### Task details
For this listing, reproduce the line with "ಶ್ರೀ ರವಿಶಂಕರ ಗುರೂಜಿ", the line with "2021 T-ROC İLK", and the lines between, exactly as they stand. Leave out pictures and all other lines.

### Input records
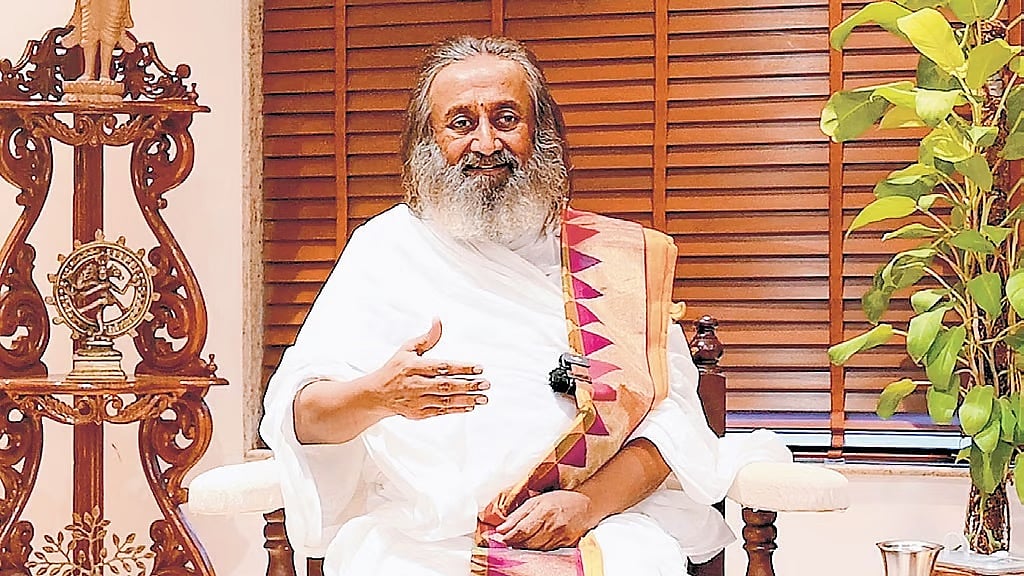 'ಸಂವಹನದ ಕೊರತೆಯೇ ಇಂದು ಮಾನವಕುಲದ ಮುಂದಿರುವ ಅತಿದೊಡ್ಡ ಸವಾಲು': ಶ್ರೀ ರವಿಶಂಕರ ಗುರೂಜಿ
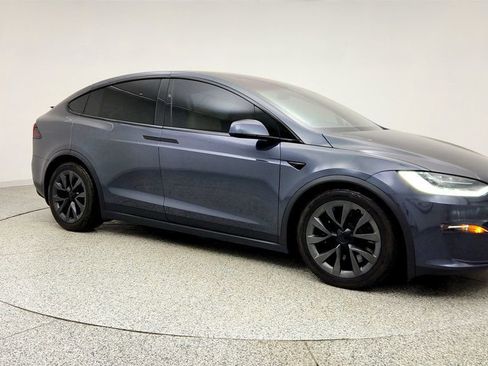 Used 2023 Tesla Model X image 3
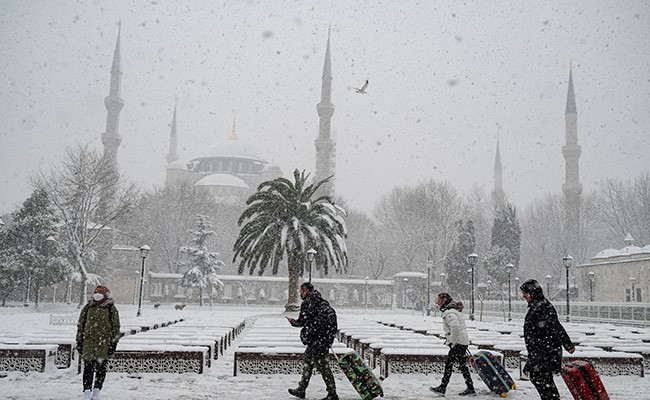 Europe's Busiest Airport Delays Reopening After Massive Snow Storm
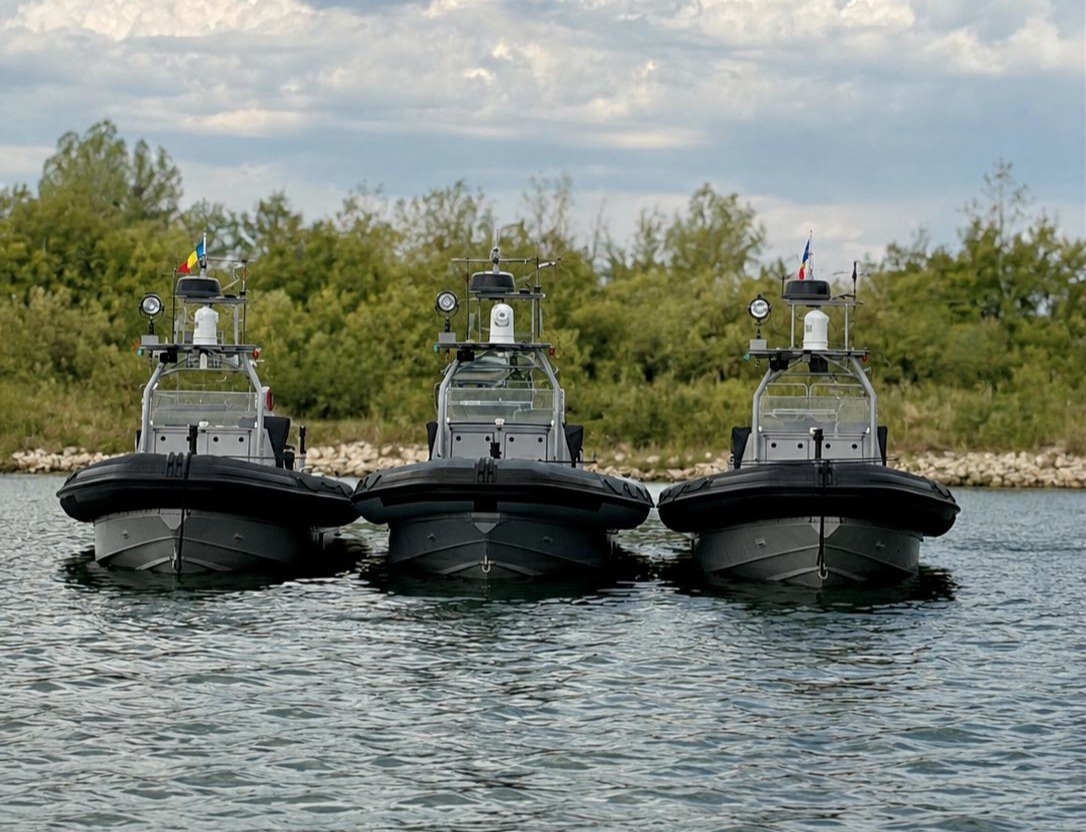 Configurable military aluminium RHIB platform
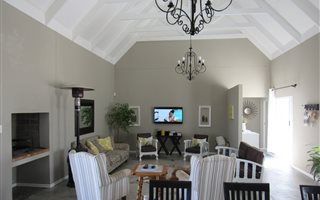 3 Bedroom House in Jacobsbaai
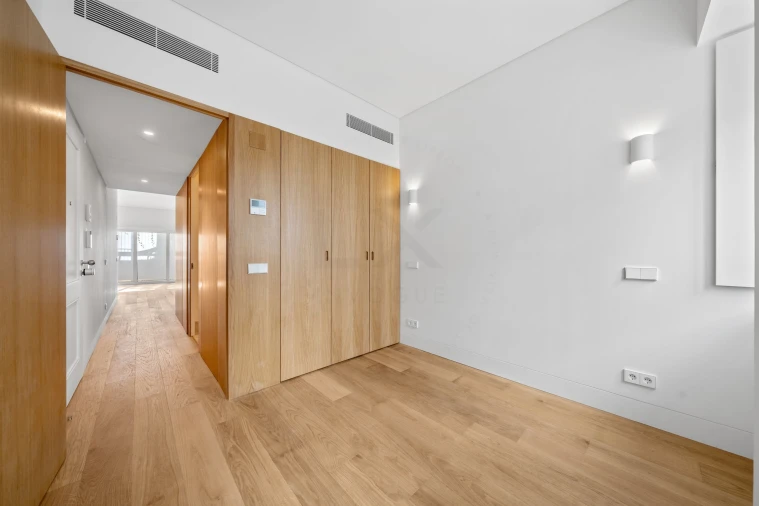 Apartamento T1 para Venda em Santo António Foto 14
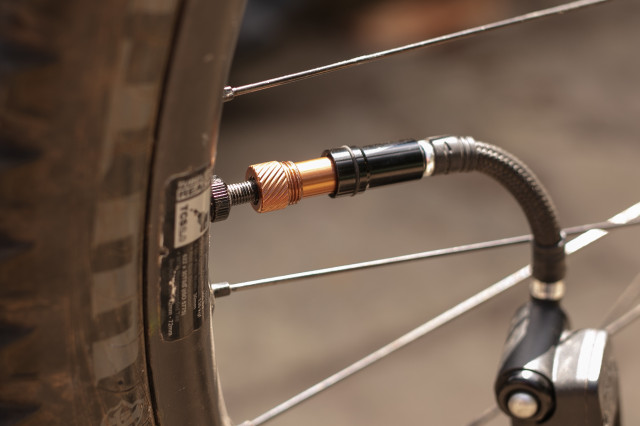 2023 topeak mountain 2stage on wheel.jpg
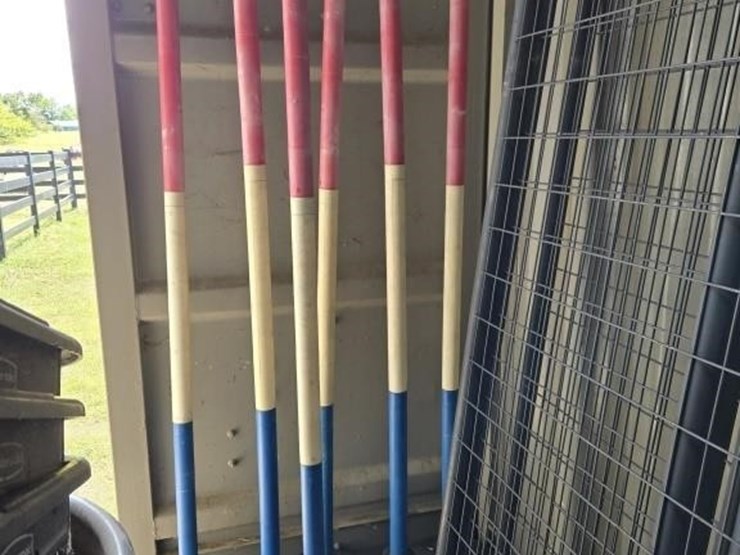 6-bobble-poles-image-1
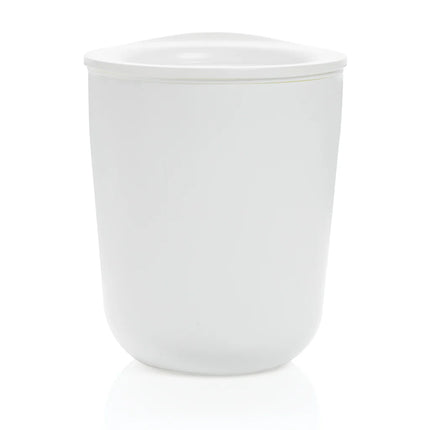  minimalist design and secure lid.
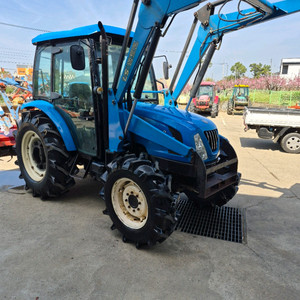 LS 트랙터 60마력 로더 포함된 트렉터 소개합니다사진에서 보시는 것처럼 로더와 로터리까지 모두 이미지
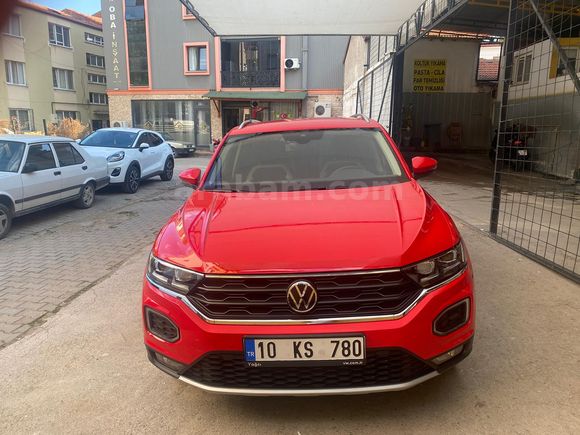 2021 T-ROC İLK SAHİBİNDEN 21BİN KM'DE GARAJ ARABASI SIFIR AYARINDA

* * *

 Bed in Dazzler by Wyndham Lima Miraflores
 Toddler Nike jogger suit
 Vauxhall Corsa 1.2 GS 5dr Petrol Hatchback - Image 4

==

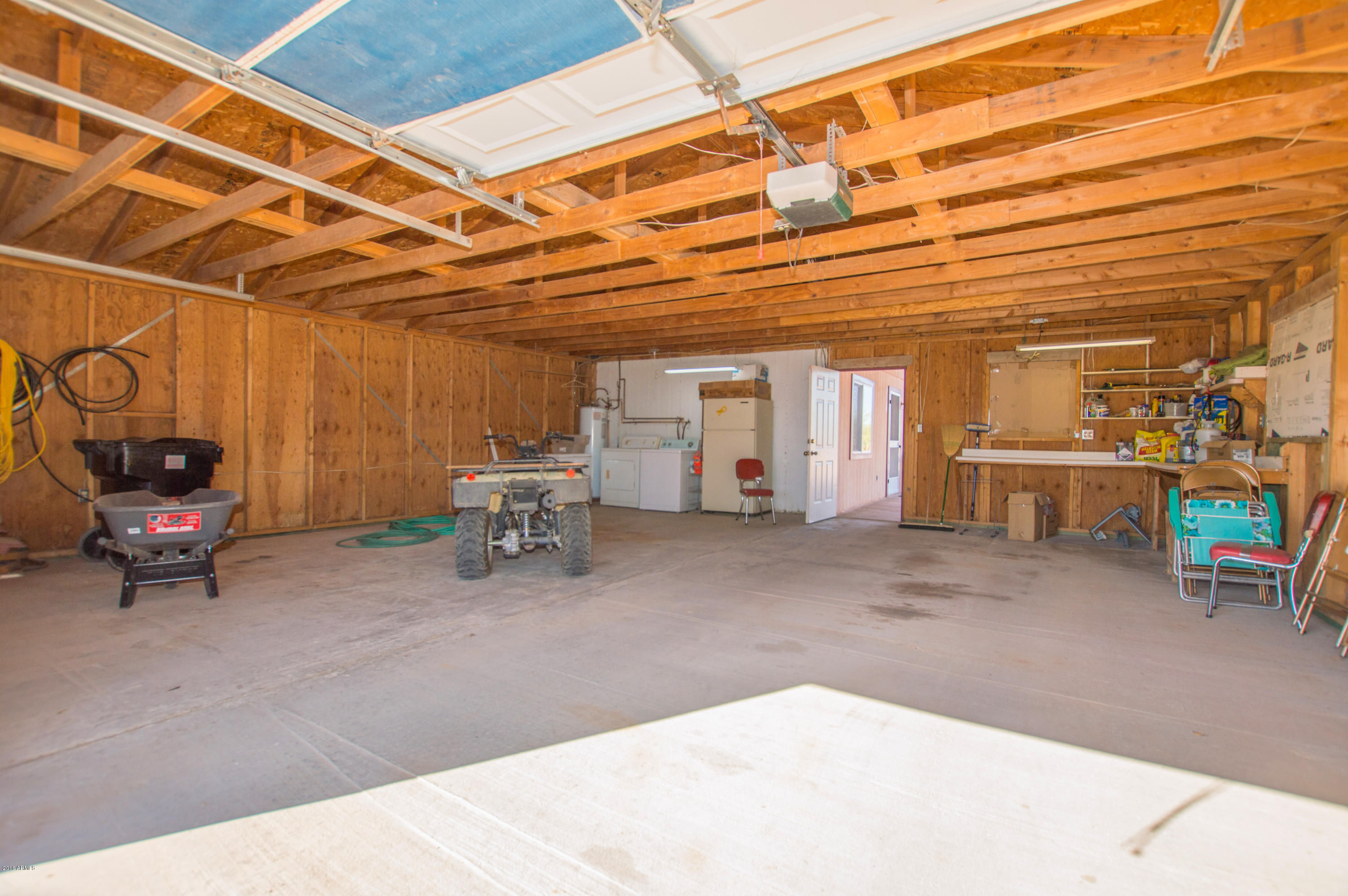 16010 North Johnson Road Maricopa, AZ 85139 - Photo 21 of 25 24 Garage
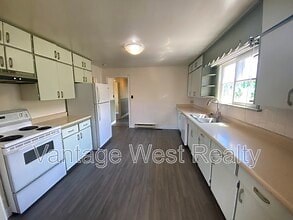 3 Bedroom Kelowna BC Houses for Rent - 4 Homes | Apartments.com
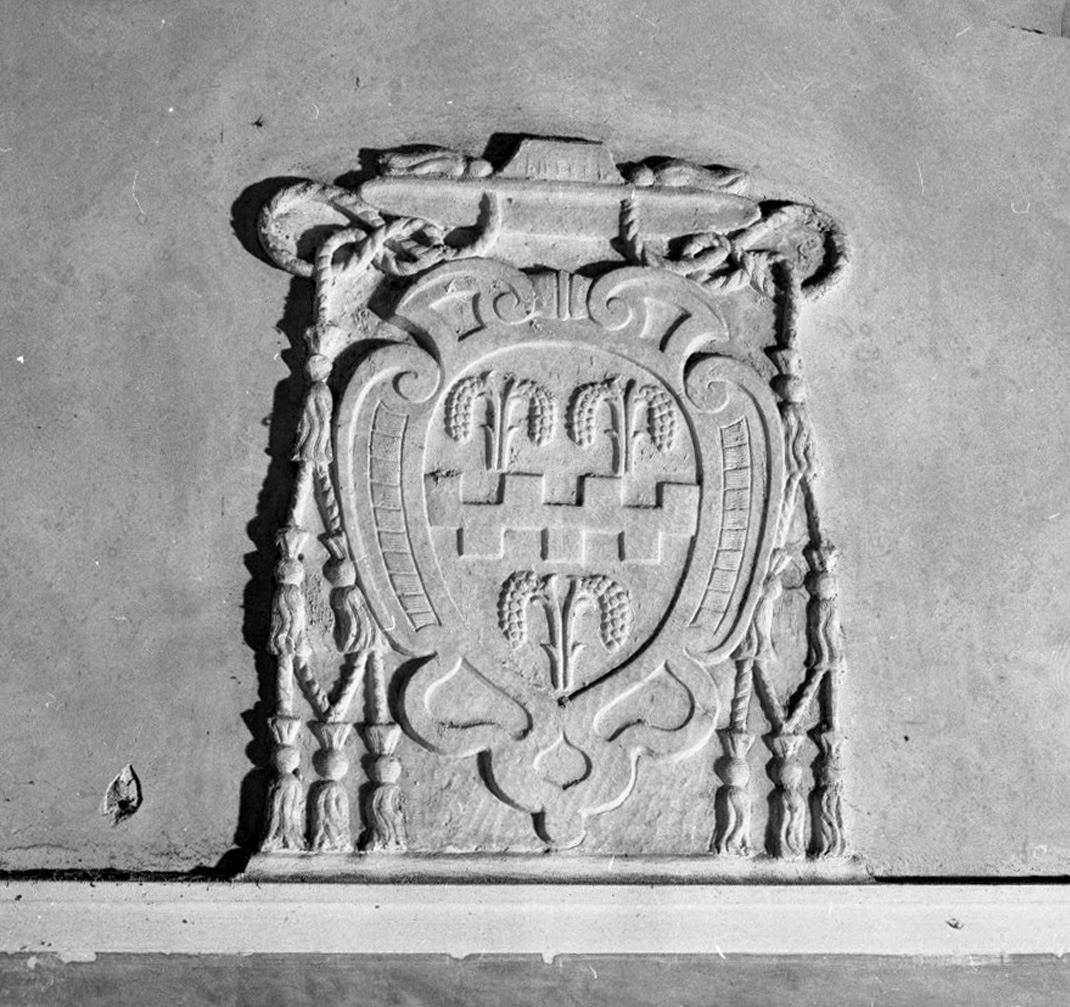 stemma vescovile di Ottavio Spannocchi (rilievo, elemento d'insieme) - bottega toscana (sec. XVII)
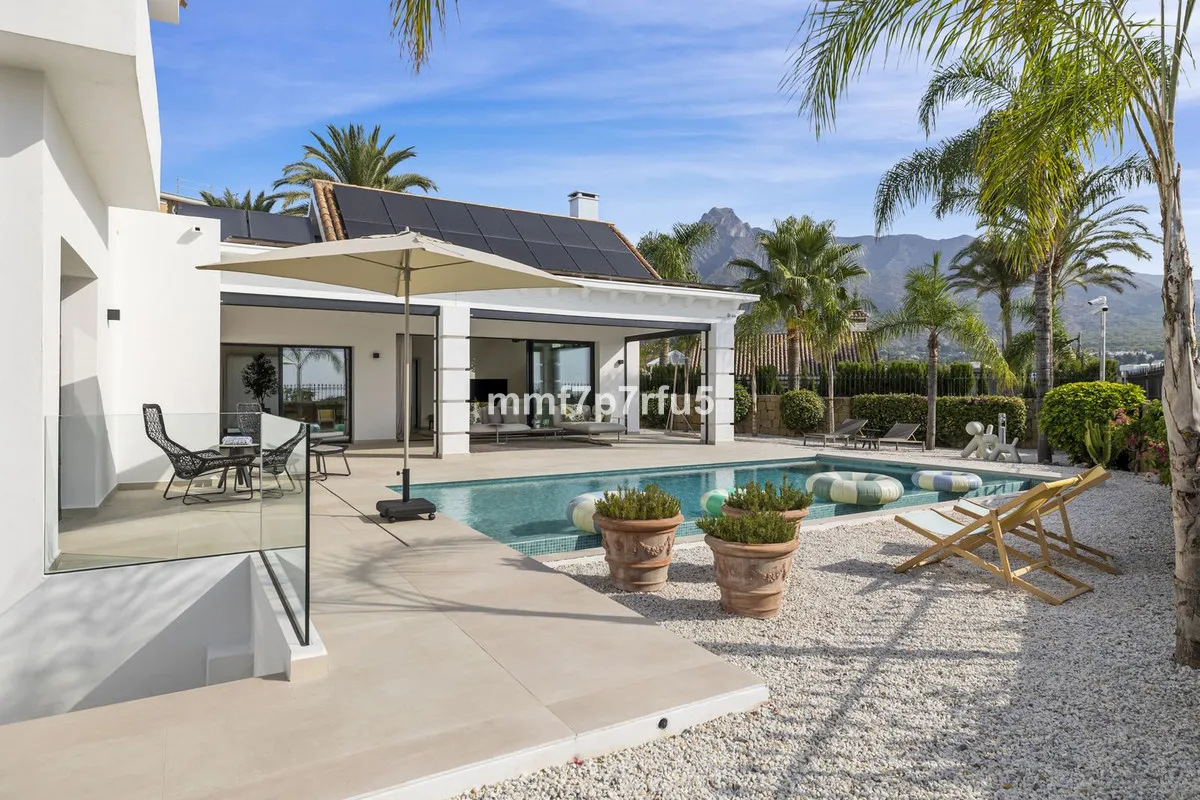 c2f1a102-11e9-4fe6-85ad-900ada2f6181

### Exercise answer
 'ಸಂವಹನದ ಕೊರತೆಯೇ ಇಂದು ಮಾನವಕುಲದ ಮುಂದಿರುವ ಅತಿದೊಡ್ಡ ಸವಾಲು': ಶ್ರೀ ರವಿಶಂಕರ ಗುರೂಜಿ
 Used 2023 Tesla Model X image 3
 Europe's Busiest Airport Delays Reopening After Massive Snow Storm
 Configurable military aluminium RHIB platform
 3 Bedroom House in Jacobsbaai
 Apartamento T1 para Venda em Santo António Foto 14
 2023 topeak mountain 2stage on wheel.jpg
 6-bobble-poles-image-1
  minimalist design and secure lid.
 LS 트랙터 60마력 로더 포함된 트렉터 소개합니다사진에서 보시는 것처럼 로더와 로터리까지 모두 이미지
 2021 T-ROC İLK SAHİBİNDEN 21BİN KM'DE GARAJ ARABASI SIFIR AYARINDA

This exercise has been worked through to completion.